Ethan, Tess, and I read the letter over the professor’s shoulder. Nadia Tauman, it seemed, had helped her friend Lily give up Lily’s newborn baby girl for adoption. By itself, that wouldn’t be out of the ordinary—just sad, maybe, because Lily didn’t want to give the baby away. But her husband had been gunned down in a jewelry-store robbery in Chicago, and she had no means of support
to keep her baby. Nadia was claiming that there was more to the story. Her cousin in Prague had heard Olensky lecture about the Romanovs and given her his email, because according to Nadia, Lily was not just any ordinary young widowed mother. She claimed she was the great-granddaughter of the last tsar of Russia.

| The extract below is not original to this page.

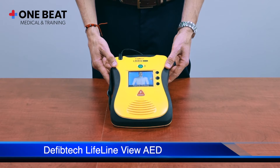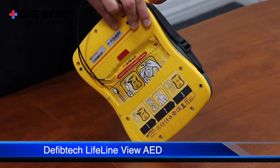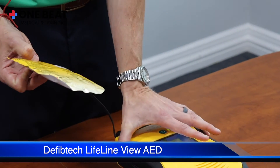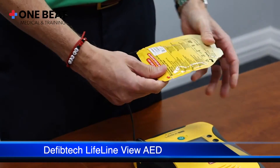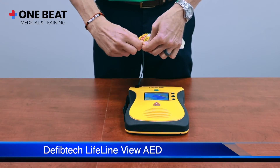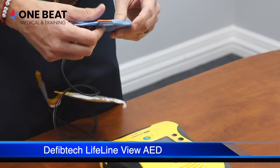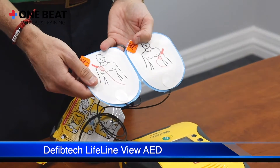Remove clothing from patient's chest. Locate the pads package in the back of the AED. Tear open pads package. Peel adhesive pads from blue liner. Apply pads to patient's bare chest as shown.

“Huh,” I say. Something about the story has tickled the back of my brain, but I have no idea what it is, and I’m on such information overload right now that it’s probably nothing. “You get letters like this all the time? People claiming these connections to the Romanovs?”
The professor nods. “Yes,” he says, “although this one was particularly heartbreaking to read.”
Ethan points to the monitor. “Like you say, Alex, we could certainly contemplate the possibility that if the great-grandfather was Nicholas, then there is also a relation to Viktor—although I’m not sure where that gets us.”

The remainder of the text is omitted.